Python Snippets

Parallel File Processing with ThreadPoolExecutor

This Python snippet demonstrates how to efficiently process multiple files in parallel using ThreadPoolExecutor. It’s particularly useful for CPU-bound or I/O-bound tasks where you need to handle multiple files simultaneously (e.g., batch image resizing, log parsing, or data transformation).

import os
from concurrent.futures import ThreadPoolExecutor

def process_file(file_path):
    """Example function to process a single file (modify for your use case)."""
    try:
        with open(file_path, 'r') as f:
            content = f.read()
        # Replace this with your actual processing logic
        processed = f"Processed {file_path}: {len(content)} chars"
        return processed
    except Exception as e:
        return f"Error processing {file_path}: {str(e)}"

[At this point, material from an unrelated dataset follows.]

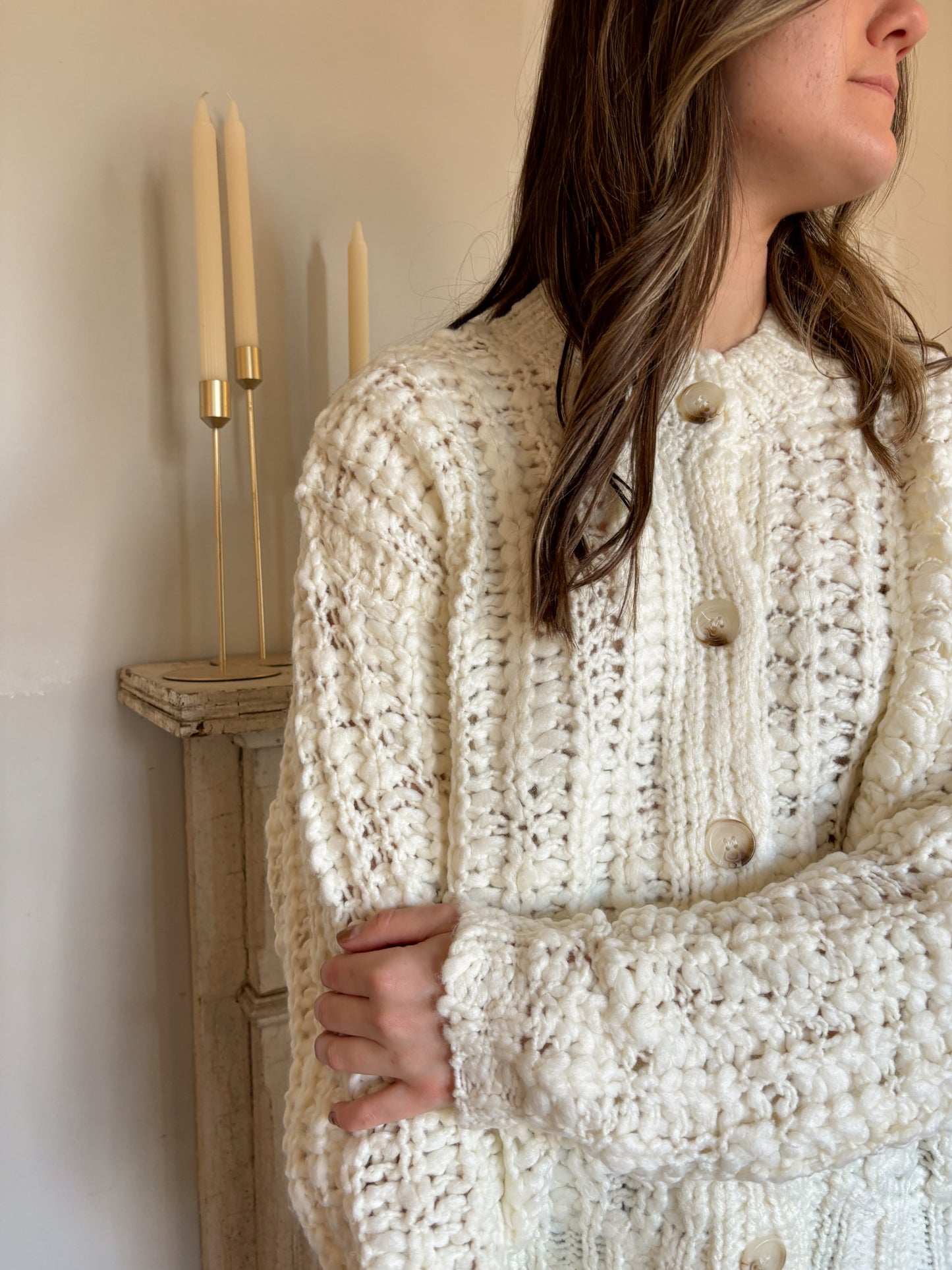 The Love Notes Button Cardigan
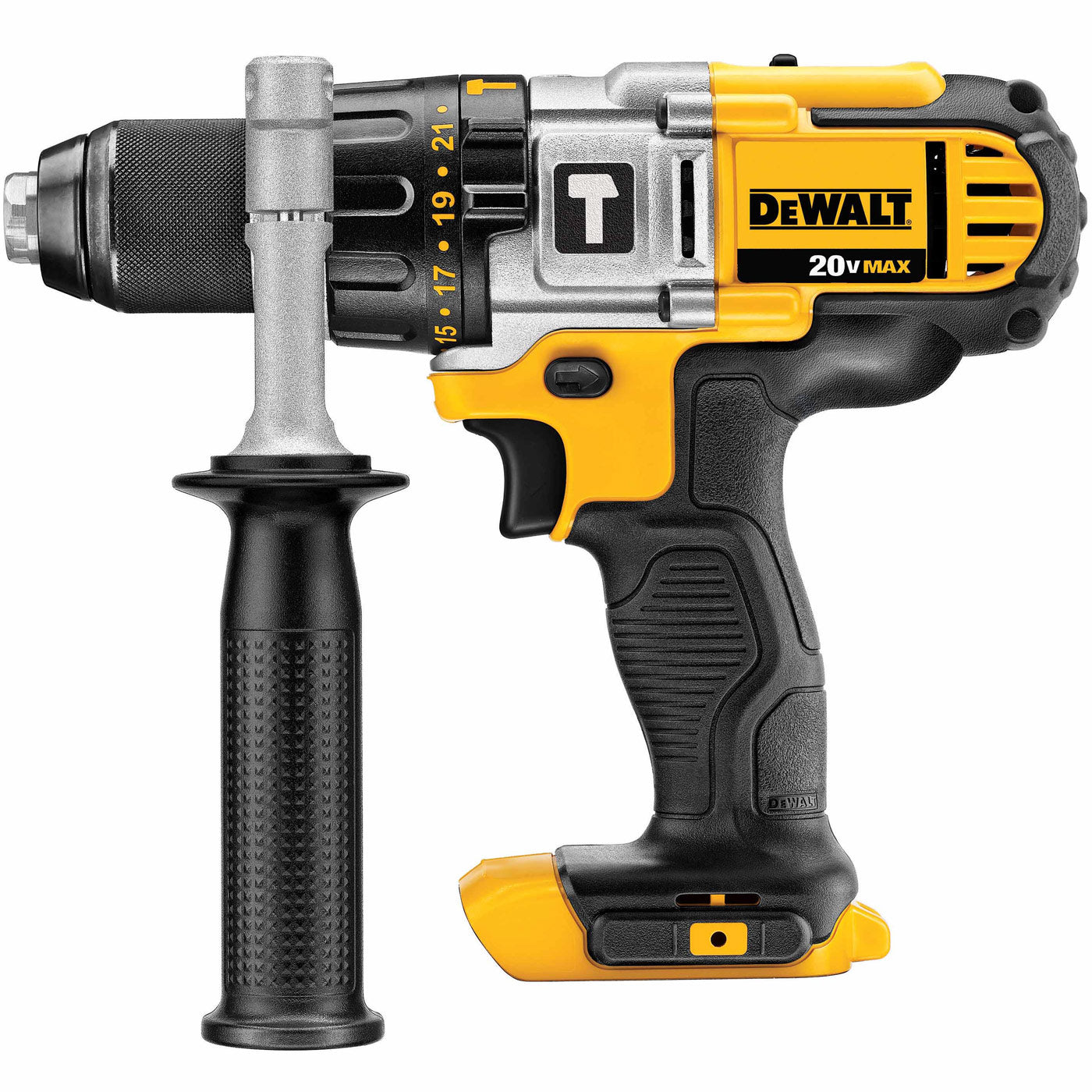 DeWalt DCD985B 20V MAX Lithium Ion Premium 3-Speed Hammerdrill (Tool Only) - 4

def parallel_process_files(directory, max_workers=4):
    """Process all files in a directory in parallel."""
    if not os.path.isdir(directory):
        raise ValueError(f"Directory not found: {directory}")
    
    file_paths = [
        os.path.join(directory, f) 
        for f in os.listdir(directory) 
        if os.path.isfile(os.path.join(directory, f))
    ]
    
    with ThreadPoolExecutor(max_workers=max_workers) as executor:
        results = list(executor.map(process_file, file_paths))
    
    return results

# Example usage:
if __name__ == "__main__":
    processed_results = parallel_process_files("./data_files")
    for result in processed_results:
        print(result)

Explanation

Why This Is Useful

Performance: Processes files concurrently, significantly reducing total processing time for large batches.
Resource Management: Uses a thread pool to avoid overwhelming the system with too many simultaneous operations.
Error Handling: Includes basic exception handling to ensure one failed file doesn’t stop the entire batch.

How It Works

process_file: A placeholder function for your file processing logic (e.g., parsing, transforming, or analyzing).
parallel_process_files:
- Collects all files in the specified directory.
- Uses ThreadPoolExecutor to process files concurrently (default: 4 workers).
- Returns results in the same order as input files (preserving FIFO).

How to Run

Place files to process in a directory (e.g., ./data_files).
Replace the process_file function with your actual processing logic.
Run the script—it will print results for each file.

Customization

Adjust max_workers based on your system’s capabilities.
For CPU-bound tasks, consider ProcessPoolExecutor instead (requires modifying imports).